▶ [What you are asked to do]: Apart from the pictures, print the data below exactly as given.

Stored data
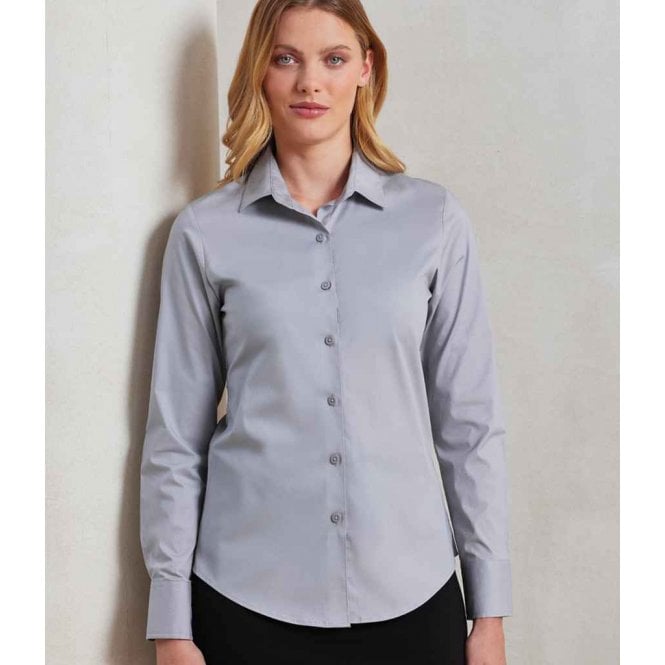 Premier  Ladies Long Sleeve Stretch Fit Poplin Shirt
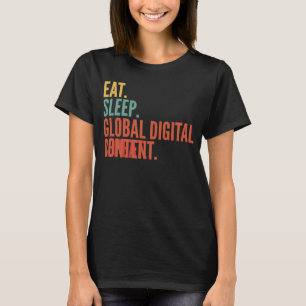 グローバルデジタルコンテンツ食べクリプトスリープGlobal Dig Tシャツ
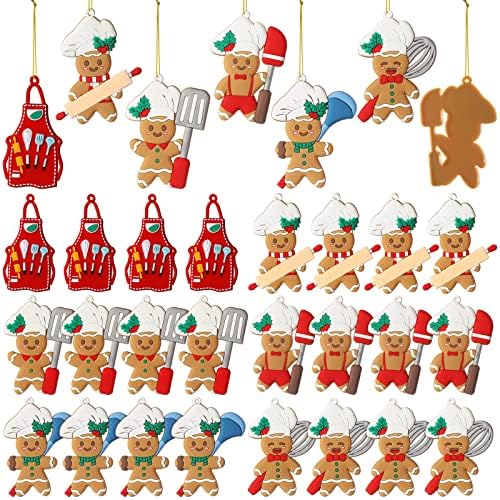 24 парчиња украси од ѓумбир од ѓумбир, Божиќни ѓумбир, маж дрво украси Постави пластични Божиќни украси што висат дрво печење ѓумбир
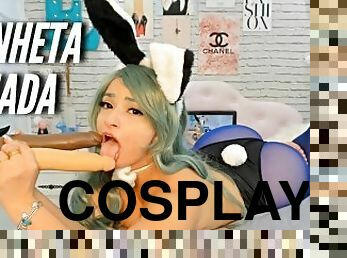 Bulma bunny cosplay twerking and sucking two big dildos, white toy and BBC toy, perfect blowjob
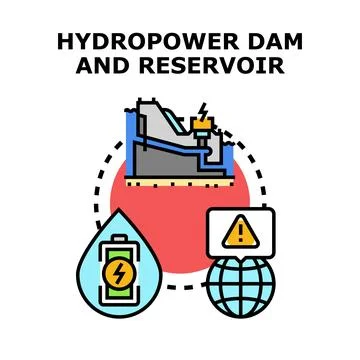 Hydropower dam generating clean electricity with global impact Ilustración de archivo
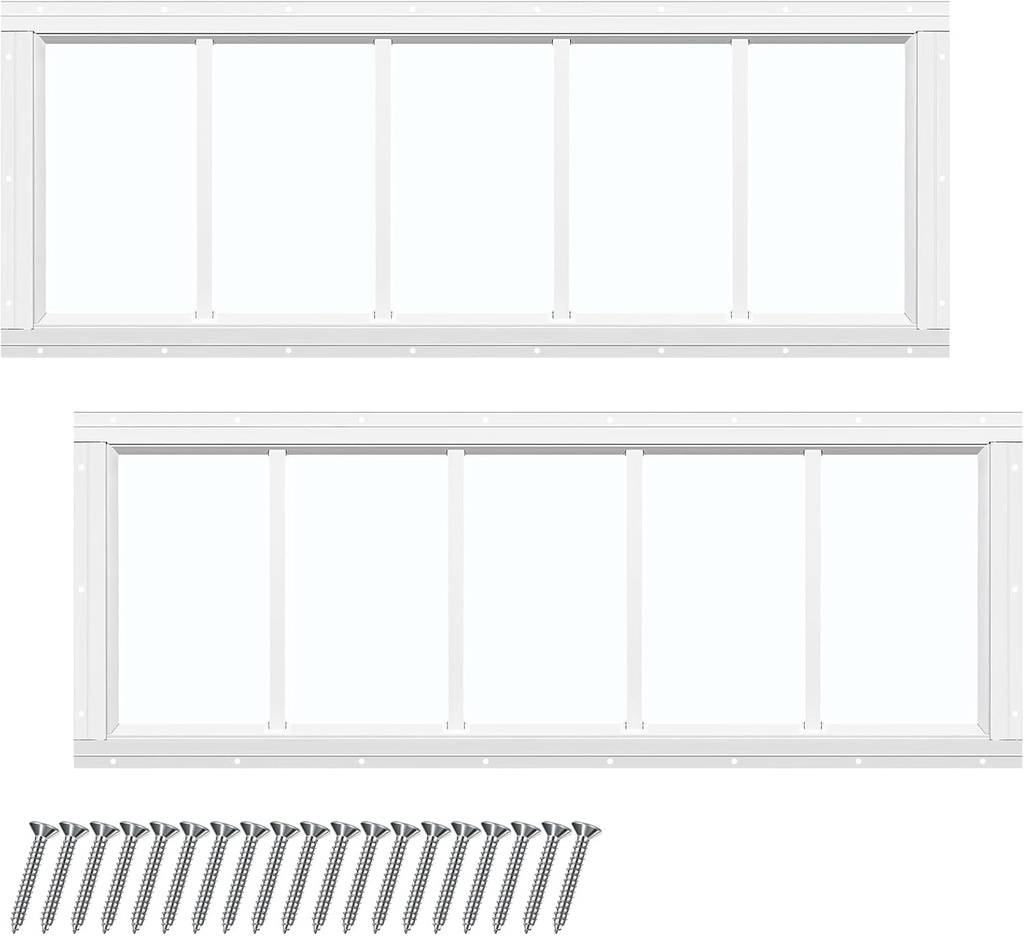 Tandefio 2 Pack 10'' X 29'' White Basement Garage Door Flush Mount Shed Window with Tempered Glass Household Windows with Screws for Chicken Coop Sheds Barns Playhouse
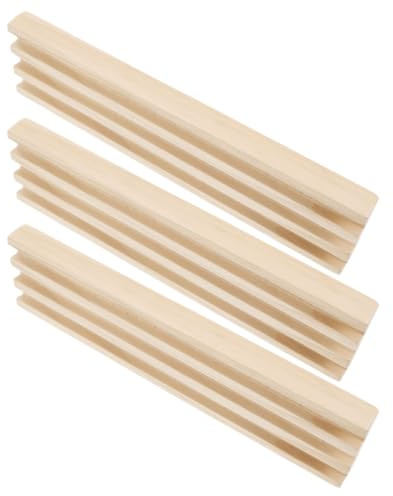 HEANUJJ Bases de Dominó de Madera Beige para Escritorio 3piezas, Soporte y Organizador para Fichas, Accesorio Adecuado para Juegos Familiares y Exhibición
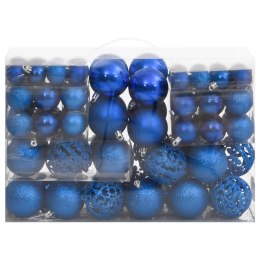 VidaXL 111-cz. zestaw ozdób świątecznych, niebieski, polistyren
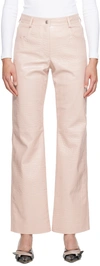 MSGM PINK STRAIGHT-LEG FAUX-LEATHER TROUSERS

▶ [Answer to the exercise]:
 Premier  Ladies Long Sleeve Stretch Fit Poplin Shirt
 グローバルデジタルコンテンツ食べクリプトスリープGlobal Dig Tシャツ
 24 парчиња украси од ѓумбир од ѓумбир, Божиќни ѓумбир, маж дрво украси Постави пластични Божиќни украси што висат дрво печење ѓумбир
 Bulma bunny cosplay twerking and sucking two big dildos, white toy and BBC toy, perfect blowjob
 Hydropower dam generating clean electricity with global impact Ilustración de archivo
 Tandefio 2 Pack 10'' X 29'' White Basement Garage Door Flush Mount Shed Window with Tempered Glass Household Windows with Screws for Chicken Coop Sheds Barns Playhouse
 HEANUJJ Bases de Dominó de Madera Beige para Escritorio 3piezas, Soporte y Organizador para Fichas, Accesorio Adecuado para Juegos Familiares y Exhibición
 VidaXL 111-cz. zestaw ozdób świątecznych, niebieski, polistyren
 MSGM PINK STRAIGHT-LEG FAUX-LEATHER TROUSERS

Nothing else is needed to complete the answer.